Review | The Whale | 2022
Much has been made about Brendan Fraser's "comeback" in Darren Aronofsky's The Whale. Once a marquee action hero in films like Encino Man, The Mummy, and George of the Jungle, Fraser's career has been mostly quiet for the last decade or so.
Those roles made Fraser a beloved figure for many millennials, and seeing him return to the screen with such a meaty role certainly carries a lot of nostalgia for many - especially after the revelation in a 2018 issue of GQ in which Fraser discussed having been sexually assaulted by the president of the Hollywood Foreign Press Association in 2003 - an event that sent him into a deep depression and caused him to slowly withdraw from Hollywood.His performance in The Whale is certainly a powerful one, but Aronofsky's film is not without its myriad issues - centering around an obese man named Charlie (Fraser) whose weight gain following a tragedy has led him to becoming a shut in, cut off from his family and the rest of the world. His only company is his nurse, Liz (Hong Chau) - whose late brother was Charlie's boyfriend. Charlie spends his days teaching online college courses (his camera turned off because he's embarrassed by his appearance) and slowly eating himself to death as congestive heart failure begins to set in. But despite his blasé attitude toward his own health, he maintains a deeply held belief in essential human goodness, a belief that is put to the test by the arrival of his troubled daughter, Ellie (Sadie Sink) and a hapless missionary named Thomas (Ty Simpkins).
The problem here isn't just the depiction of Charlie's weight, its the way in which Aronofsky uses it to constantly undercut his film's own message. The Whale views Charlie as both an object of pity and disgust. We are meant to watch in horror as Charlie devours entire pizza, pouring ranch dressing and covering them in lunch meat before scarfing them down in halves while the soundtrack swells with atonal music that sounds straight out of a horror film. The camera lingers on Fraser's prosthetic-laden body, each reveal of his true size treated as a moment of shock.
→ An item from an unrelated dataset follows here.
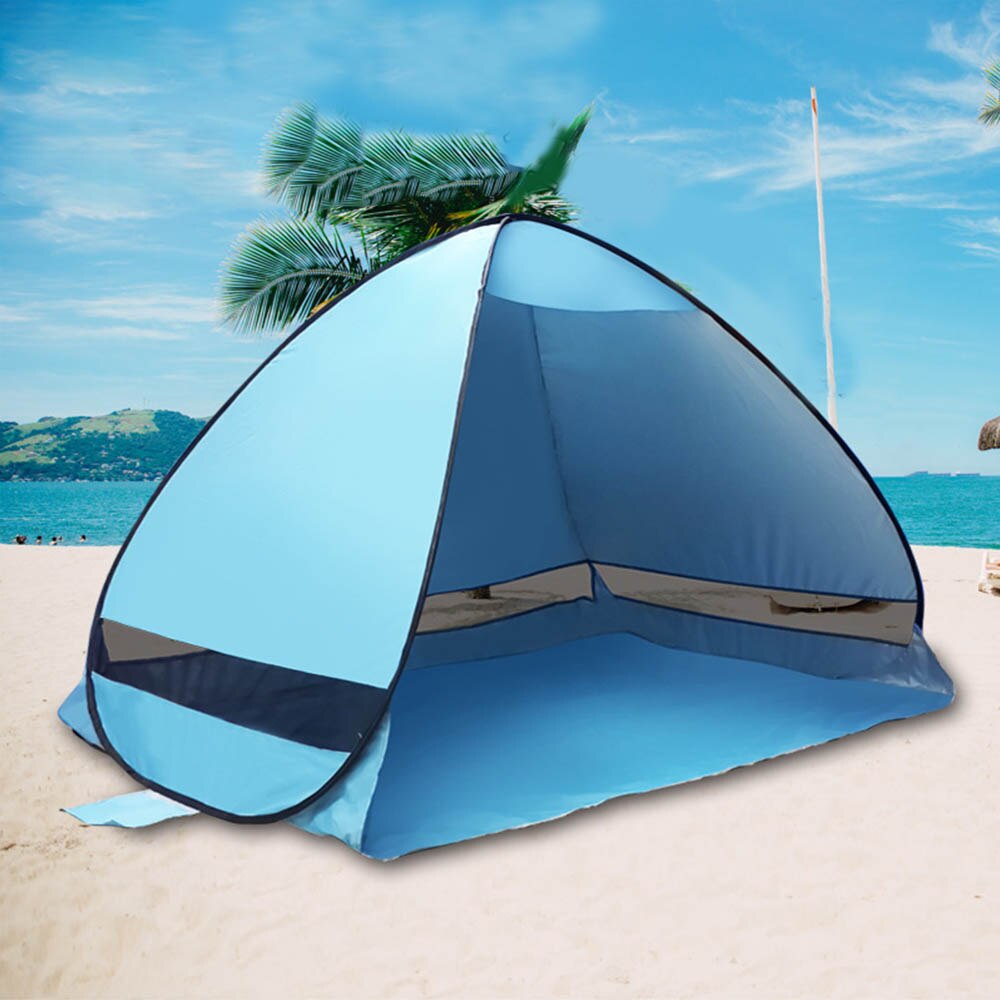 190T Nylon Beach Tents Camping Shelter UV-protective Automatic Tent Shade Utralight Pop Up Tent Outdoor Party Fishing XA108D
The Whale wants us so desperately for us to believe in simple human goodness, to look beyond appearances and even actions and see something beautiful, and yet it treats Fraser's character with such disgust that it is disturbing for all the wrong reasons. Which is a shame because there's some very interesting father/daughter conflict here that is actually quite compelling. Charlie is essentially a broken man who feels as if he's missed out on so much and wants to make good with the one person left he truly loves - but the film simply cannot get past its own fatphobia. The cast does what it can (Fraser, Chau, and Sink are standouts), but the film's contempt for Charlie's size not only leaves a sour taste in the mouth, it muddles its own message. We're supposed to love Charlie despite his size, as if his size is meant to be a barrier to his humanity. We are meant to be repulsed by him but love him anyway - but The Whale could have worked much better had it not used his size as such an object of revulsion. It's good to see Fraser back on the big screen, and he delivers a towering performance here that is bringing him deserving accolades, one only wishes it was in service of a film that sees fat people as something other than objects to be pitied.